Recently there has been more interest toward citation studies in law, where there appear to be two major directions: applying network analysis to citations (Zhang and Koppaka 2007; Leicht et al. 2007; Winkels et al. 2011; Lupu and Voeten 2012; van Opijnen 2012; Neale 2013) and classification systems allowing one to estimate the “treatment” status of the cited case (Jackson et al. 2003; Galgani et al. 2015).

Zhang and Koppaka (2007) developed a Semantics-Based Legal Citation Network (see Zhang et al. (2014) for an overview of related work), a tool that extracts and summarises citation information into a network, allowing the users to “easily navigate in the citation networks and study how citations are interrelated and how legal issues have evolved in the past.” The researchers note that different parts of a case can be cited. Studying the reasons for citation can provide valuable information for a legal researcher. Their approach relied on RFC (reason for citing), a patented technology that allows extracting reasons of why the case has been cited. RFC performance was summarised in the patent (Humphrey et al. 2005), which explored a methodology of “identifying sentences near a document citation (such as a court case citation) that suggest the reason(s) for citing (RFC)”. The task of identifying RFC may be somewhat similar to the task that is undertaken as a part of this project due to the fact that information contained in principles and facts of cited cases can be used as a part of estimating reasons for citing. However, the methodology of Humphrey et al. (2005) is largely based on an analysis of word frequencies; there is no machine learning and no evaluation is presented. This contrasts with our approach to identifying the relevant statements with reference to particular features and associating them to a specific citation in a decision in situ; our approach applies machine learning and is evaluated.

History Assistant Jackson et al. (2003) was designed to automatically infer direct and indirect treatment history from case reports. Direct treatment history covered historically related cases, such as appeals etc. Indirect treatment history dealt with the cited cases within a document in order to establish how the cited case has been treated. It relied on the classification methodology of Shepard’s citations that combines the knowledge about sentiment and aims of legal communication with heuristic information about court hierarchy. It includes such classes as applied, overruled and distinguished. History Assistant was expected to be an aid for editorial work rather than replace the effort of the editors. The program consisted of a set of natural language modules and a prior case retrieval module. Natural language processing relied on machine learning methodology and employed statistical methods over annotated corpus. The tools and corpora are unavailable for replication. While Shepardisation is intrinsically interesting and difficult task, we found little overt textual evidence to reliably facilitate machine learning.

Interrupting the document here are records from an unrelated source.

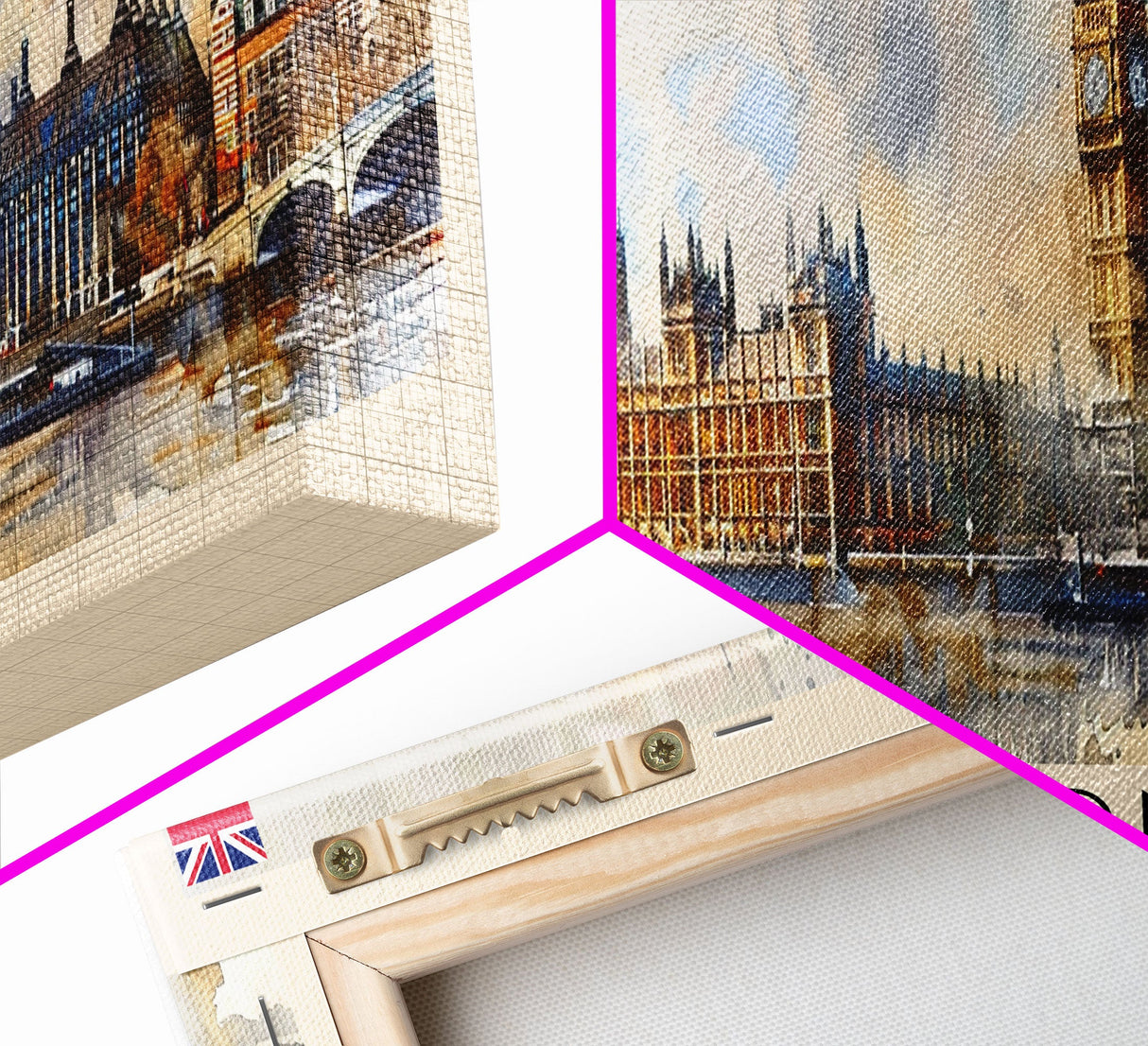 London United Kingdom Panoramic Travel Poster, Framed Canvas Print or Metal Wall Art, Travel Art, Home Decor, Panoramic Painting, Midcentury Art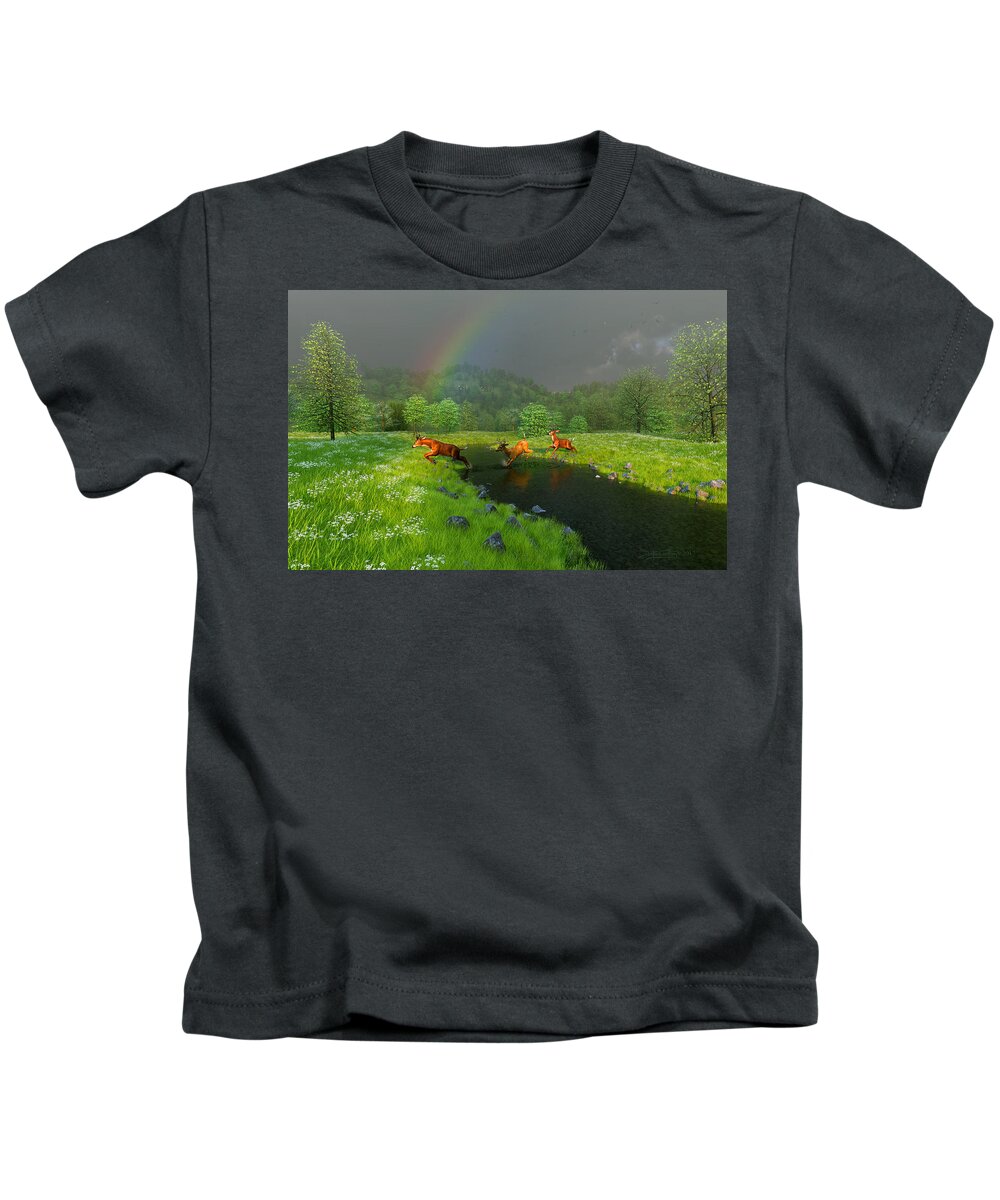 Dieter Carlton Kids T-Shirt featuring the digital art Beneath the Waning Mist by Dieter Carlton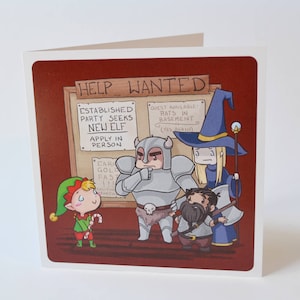 Geeky Holiday Card, Elf Wanted design, cute and nerdy dungeons and dragons medieval fantasy style christmas card image 1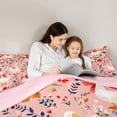 thumbnail image 4 of Manfei Cute Bow Duck Animal Queen Comforter Set for Boys Girls, Rustic Floral Bedding Comforter Set, Pink Reversible, 3-Piece, 4 of 6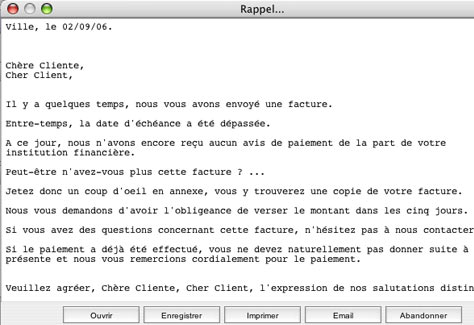 lettre de rappel dans bedesk express facturation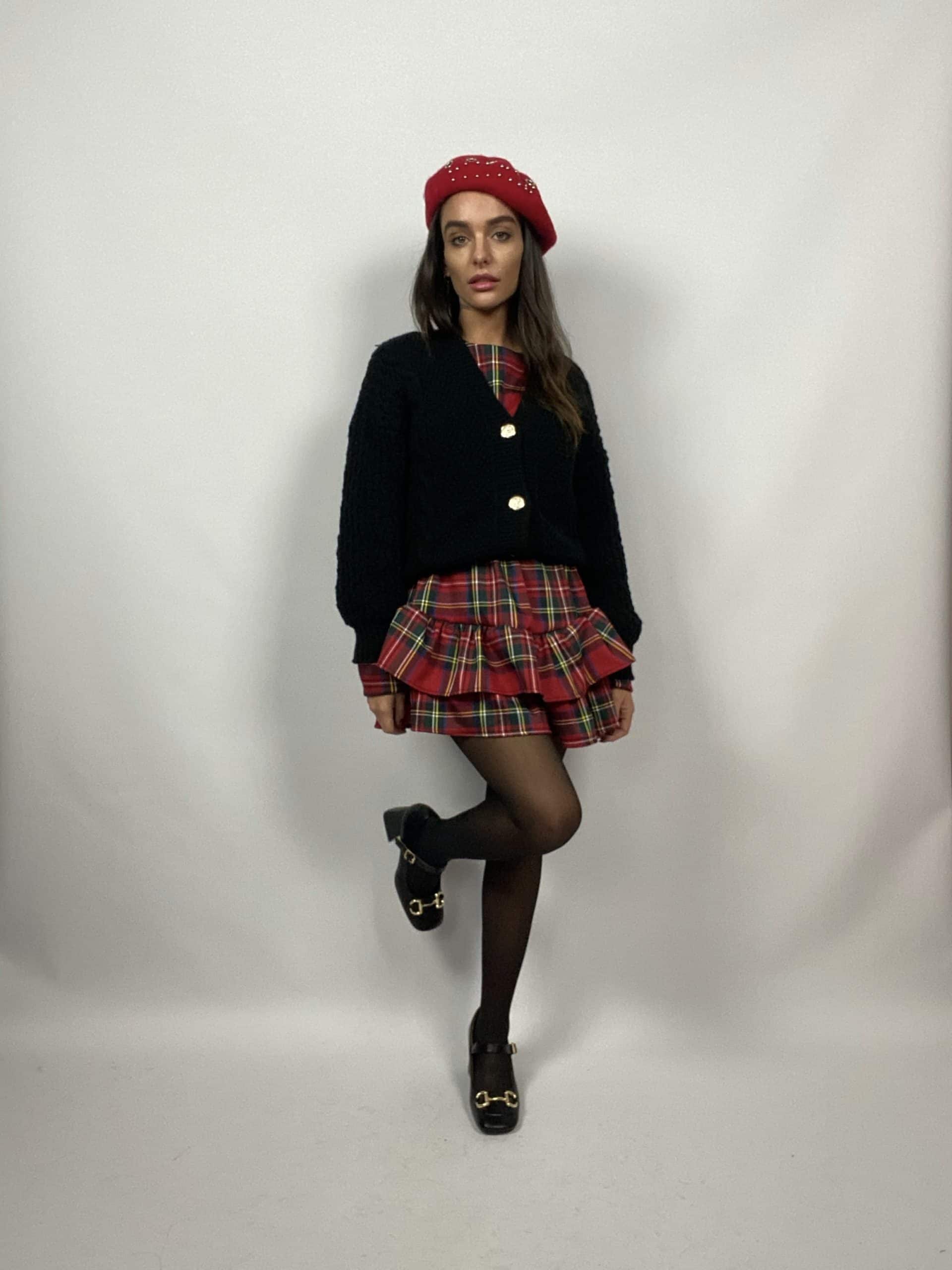Maxi Dress Tartan - Rosso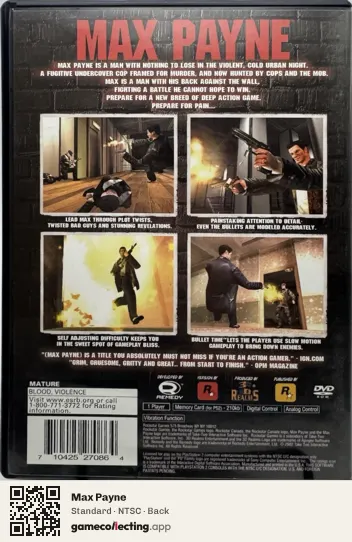 Max Payne PlayStation 2, NTSC box back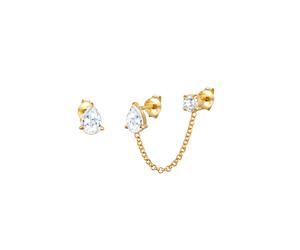 Elli Stecker Zirkonia Kristalle Tropfen-Form 925 Silber goldfarben Damen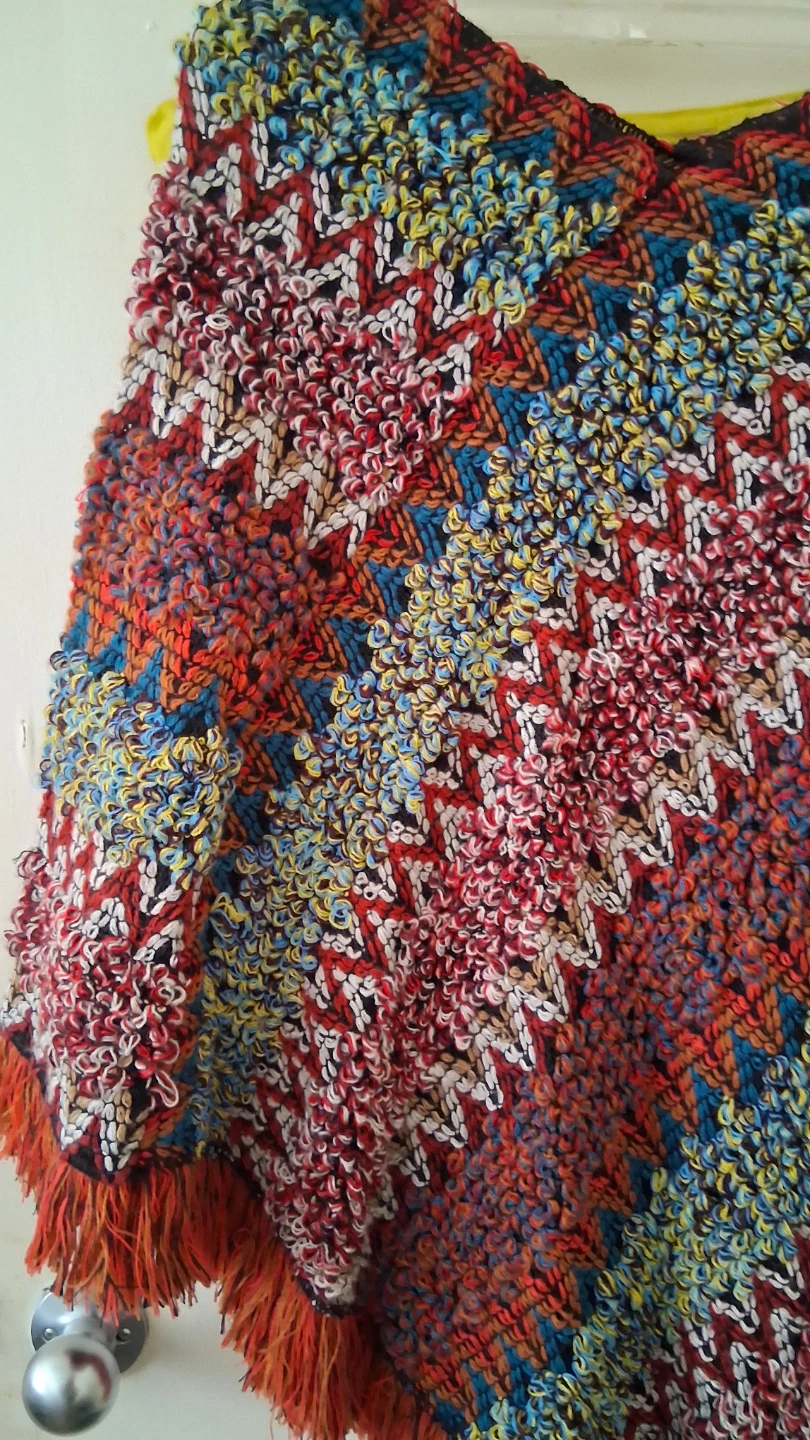 Textured Crochet Poncho with Fringe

Galgani et al. (2015) created LEXA—a system that relied on RDR (Ripple Down Rules) approach to identify citations within the “distinguished” class. This category is generally best linguistically signaled and is therefore suitable for achieving high precision and recall. The key idea underpinning RDR was that the “domain expert monitors the system and whenever it performs incorrectly he signals the error and provides as a correction a rule based on the case which generated the error, which is added to the knowledge base” (Galgani et al. 2015). The approach employed annotators to create an initial set of rules leaving the end users to refine and further expand the set. The authors claimed that “the user can at any stage create new annotations and use them in creating rules” which may put a more significant reliance on the user input than an end user may be equipped or expecting to provide. LEXA employed 78 rules that recognized “distinguished” citations with a precision of 70% and recall of 48.6% on the cleaned test set, which is significantly lower than the results reported by Jackson et al. (2003) for the same category: precision (94%) and recall (90%). The difference in results suggests that a complex fine-grained analysis used by Jackson et al. (2003) that included machine-learning for language processing may help achieve better classification outcomes. Our study does not consider classifications of citations.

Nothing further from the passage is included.